问题
Excel produces scatter diagrams for sets of pair values. It also gives the option of producing a best fit trendline and formula for the trendline. It also produces bubble diagrams which take into consideration a weight provided with each value. However, the weight has no influence on the trendline or formula. Here is an example set of values, with their mappings and weights.
Value Map Weight
0 1 10
1 2 10
2 5 10
3 5 20
4 6 20
5 1 1
With Excel's trendline, the mapping for value 5 has too much influence on the formula. Is there any way to produce a formula that reflects the respective weights?
As a help, I've introduced a weighted average for five consecutive values. But is their a better way?
回答1:
With data in A2:C7, based on the standard weighted least squares formula, you can try:
=LINEST(B2:B7*C2:C7^0.5,IF({1,0},1,A2:A7)*C2:C7^0.5,0)
entered with CTRL+SHIFT+ENTER in E2:F2 or any 2x1 range. This also returns {1.1353,1.4412}.
For Rsquared you can enter:
=INDEX(LINEST((B2:B7-SUM(B2:B7*C2:C7)/SUM(C2:C7))*C2:C7^0.5,IF({1,0},1,A2:A7)*C2:C7^0.5,0,1),3,1)
Explanation of formula
Consider first a normal regression of y on X using LINEST. If const = TRUE the regressor matrix is the augmented matrix consisting of a column of ones followed by the regressor columns i.e. X'=(1,X). If const = FALSE the regressor matrix is simply X so running the regression with a column of ones included gives the same estimates as running without a column of ones and setting const=TRUE.
Now consider a weighted least squares regression. The regression is now Wy on WX'=(W1,WX) where W is the diagonal matrix consisting of the square root of the weights.

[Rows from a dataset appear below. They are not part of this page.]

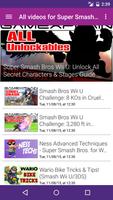Tips for Super Smash Bros WiiU poster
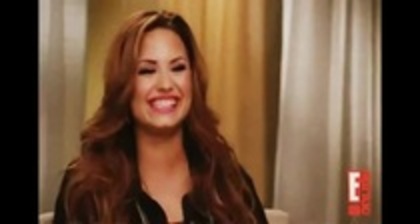 E! Special_Demi Lovato (1474) - Demilush talks about her Give Your Heart A Break Music Video with DL Part oo4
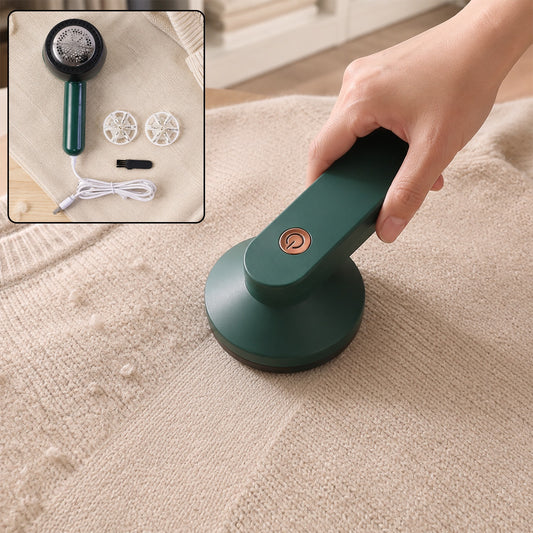 Electric USB Lint Remover – Cordless Fabric & Clothes Fuzz Shaver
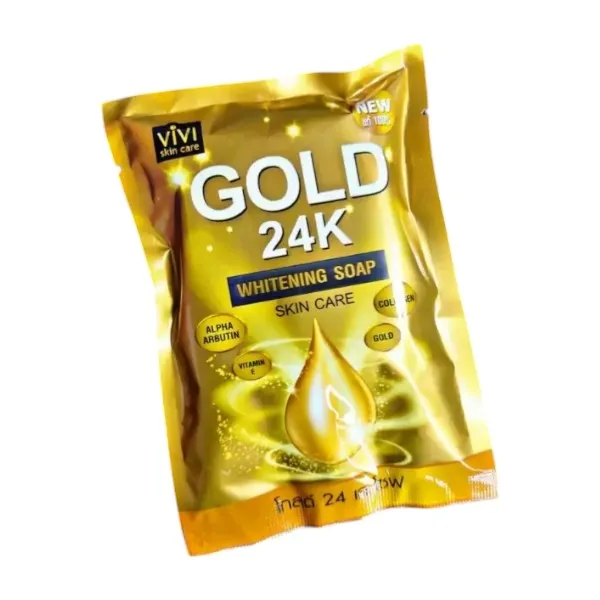 24K গোল্ড সোপ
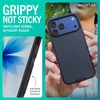 image:imageSmartish iPhone 18 Pro17 Pro MagSafe Case Gripmunk Slim Grip Liquid SkyBlack w Camera Control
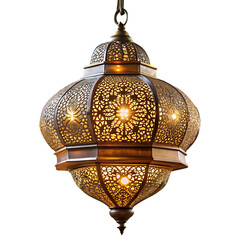 Moroccan Metal Lantern Lamp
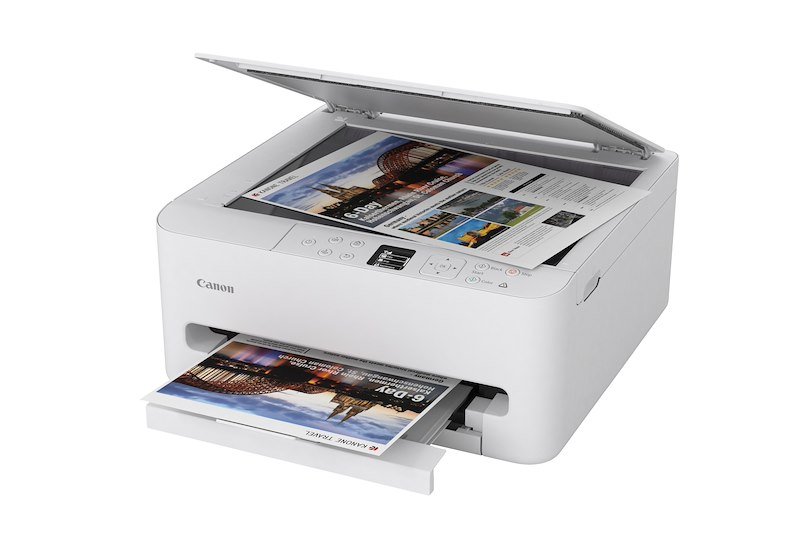 Canon Stampante inkjet 3in1 Pixma Ts6550 White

Since there is not a column of ones present, we must set const = FALSE and use two columns in the regressor matrix.
Rsquared Calculation
Setting stats to TRUE in the LINEST output of the first formula we get in the third and fifth rows:
SSres = 59.76
SSreg(u) = 1461.24
SSTot(u) = 1521
Rsq(u) = 1 - 59.76/1521 = 0.9607
Note these values are uncentered versions (u) since the const=FALSE (refer to MS Help on LINEST for further info.) For the centered versions (c) we need to subtract the weighted average as below:
SSTot(c) =SUMPRODUCT(C2:C7*(B2:B7-SUM(B2:B7*C2:C7)/SUM(C2:C7))^2) = 244.93
Rsq(c) = 1 - 59.76/244.93 = 0.756
回答2:
Update
Based on the additional information that you have tens of thousands of rows, here is a VBA UDF that will do the job (including the r2)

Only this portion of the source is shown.